Als Hybrid-Kraftwerk wird das WSK zunächst mit erneuerbarem Strom und mit Kohle parallel betrieben. Das steigert nicht nur die Flexibilität der Anlage. Gleichzeitig entkoppelt sich die Produktion von grünem Strom von ihrer Einspeisung. So verwandelt sich volatile Öko-Energie in gesicherte Leistung. Wind, Photovoltaik und Co. könnten – wie fossile Kraftwerke – einen Beitrag zur Versorgungssicherheit leisten.
Dies ist allerdings nur der erste Schritt: Mit dem fortschreitenden Ausbau der Erneuerbaren Energien und dem jüngst beschlossenem – allerdings noch zu konkretisierenden und gesetzlich festzulegenden – schrittweisen Ausstieg aus der Kohleverstromung kann die Kapazität des Wärmespeichers erweitert, der Einsatz von Braunkohle hingegen verringert werden. Nach dem kompletten Auslaufen des Einsatzes fossiler Brennstoffe kann das WSK dann vollständig mit Erneuerbaren Energien betrieben werden.
„Thermische Speicher bieten das Potenzial, ideale Energiespeicher im Gigawattstunden-Maßstab zu sein“, unterstreicht Prof. Dr. André Thess, Direktor des DLR-Instituts für Technische Thermodynamik. „Wir brauchen leistungsstarke Energiespeicher mit hohem Wirkungsgrad. Sie sind von existentieller Bedeutung für ein zukünftiges Energiesystem aus Basis erneuerbarer Energien.“ Nur mithilfe der Speicherung könnten die starken Schwankungen bei der Produktion umweltfreundlicher Wind- und Solarenergie ausgeglichen und die ebenfalls hochdynamische Nachfrage nach Energie gedeckt werden. Bedarf und Produktion kämen so ins Gleichgewicht.
Die Idee kommt auch in der Politik gut an. Das Land NRW unterstützt den Projektvorschlag und hat ihn als Leitprojekt in das Sofortprogramm „Das Rheinische Zukunftsrevier“ aufgenommen. Für die Planungsarbeiten zur ersten Anlage dieser Art stellt NRW im Rahmen seines Förderprogramms „progress.nrw“ 2,9 Millionen Euro zur Verfügung.
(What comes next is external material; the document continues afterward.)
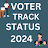 Voter ID Tracking status|Check icon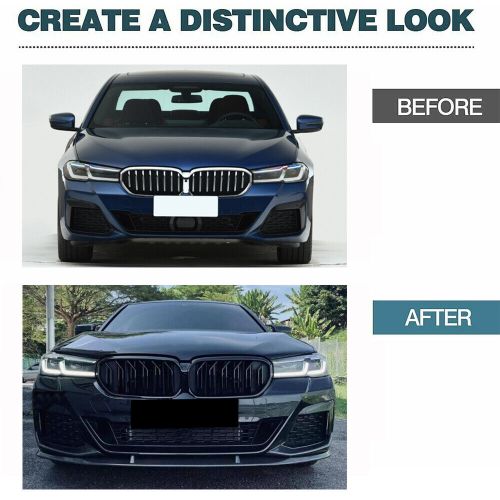 Fits BMW G30 530i 540i M550i M-Sport 21-23 CARBON FIBER Front Bumper Lip Spoiler, US $600.00, image 9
Zudem beabsichtigen die Projektpartner, eine Förderung durch den Bund für die Realisierung zu beantragen.
„Das geplante Wärmespeicherkraftwerk ist ein herausragendes Leitprojekt für das Rheinische Zukunftsrevier“, weiß Andreas Pinkwart, Minister für Wirtschaft, Innovation, Digitalisierung und Energie in Nordrhein-Westfalen. „Es werden wichtige Impulse für Wertschöpfung und Beschäftigung in der vom Strukturwandel betroffenen Region gegeben.“
Das große Potenzial sowohl für Energiewende wie auch für den Strukturwandel im Rheinischen Revier sieht auch Lars Kulik, Vorstandsmitglied von RWE Power: „Wenn sich die Technik bewährt, könnten Wärmespeicher dazu beitragen, dass unsere Kraftwerksstandorte in der Region auch nach Ende der Kohleverstromung eine wichtige Rolle in der Energieversorgung spielen.“
Das geplante Wärmespeicherkraftwerk ist ein herausragendes Leitprojekt für das Rheinische Zukunftsrevier. Andreas Pinkwart, Minister für Wirtschaft, Innovation, Digitalisierung und Energie in Nordrhein-Westfalen
Die Chancen dafür stehen gut, denn diese Art von Anlagen besitzen noch ein weiteres großes Plus: Bestehende Kraftwerksinfrastruktur wie beispielsweise Netzanschlüsse und Turbinen können weitergenutzt werden. Das senkt die Ausgaben. Nur die Zulieferung des Rohstoffs und die Speicher ändern sich. Indem die Infrastruktur aus dem „ersten Leben“ der Kraftwerke zu großen Teilen übernommen wird, spart der Umbau enorme Kosten und Arbeitsplätze können erhalten werden.
Das Ziel von RWE Power, DLR und FH Aachen ist klar: Bau und Betrieb der Pilotanlage sollen Flüssigsalz-Wärmespeicher einem umfassenden Praxistest unterziehen. Welches Kraftwerk konkret dafür ausgewählt wird, steht noch nicht fest. Es wird aber im Rheinischen Revier liegen. Anfang der 2020er Jahre könnte nach derzeitiger Planung mit dem Bau der Anlage begonnen werden.